Grande Prairie Daily Herald-Tribune
- Type: Daily newspaper
- Format: Tabloid
- Owner: Postmedia Network
- Publisher: Sun Media
- Headquarters: 10604 100 Street Grande Prairie, Alberta T8V 2M5
- Circulation: 28,155
- ISSN: 0839-4873
- OCLC number: 456167808
- Website: dailyheraldtribune.com

= Grande Prairie Daily Herald-Tribune =

Canadian daily newspaper in Alberta

The Grande Prairie Daily Herald-Tribune, or the Daily Herald-Tribune, is an online news website published in Grande Prairie, Alberta, Canada.
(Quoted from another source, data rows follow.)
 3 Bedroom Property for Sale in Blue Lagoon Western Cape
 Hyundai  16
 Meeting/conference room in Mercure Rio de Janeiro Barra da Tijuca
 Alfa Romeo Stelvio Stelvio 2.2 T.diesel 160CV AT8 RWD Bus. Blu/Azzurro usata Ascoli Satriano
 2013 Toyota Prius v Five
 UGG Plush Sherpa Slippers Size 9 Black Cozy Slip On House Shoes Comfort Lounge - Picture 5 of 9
The media outlet is owned by Postmedia Network, and operated by its Sun Media Division, which also manages the daily Calgary Sun, Edmonton Sun and Fort McMurray Today and several weekly newspapers throughout Alberta.

The news website was originally a newspaper formed in 1913 as the Grand Prairie Herald. It merged with the Northern Tribune in 1939 to become the Herald-Tribune. It became a daily newspaper in 1964, when the name of the paper became the Daily Herald-Tribune.
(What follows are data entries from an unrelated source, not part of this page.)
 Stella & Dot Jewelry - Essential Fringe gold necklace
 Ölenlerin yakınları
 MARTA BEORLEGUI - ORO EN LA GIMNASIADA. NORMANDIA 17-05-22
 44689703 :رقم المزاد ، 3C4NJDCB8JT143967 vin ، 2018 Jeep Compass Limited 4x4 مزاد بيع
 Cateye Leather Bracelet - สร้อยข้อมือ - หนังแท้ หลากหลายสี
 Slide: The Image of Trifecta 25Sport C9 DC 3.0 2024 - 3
The Grande Prairie Daily Herald-Tribune ceased publishing a print edition on May 1, 2021, and now operates as a daily news website.

The Grande Prairie Daily Herald-Tribune is currently owned by Postmedia Network Inc., which is one of Canada's largest media companies. The newspaper has a daily circulation of around 5,000 copies, and it serves the Grande Prairie and Peace River regions.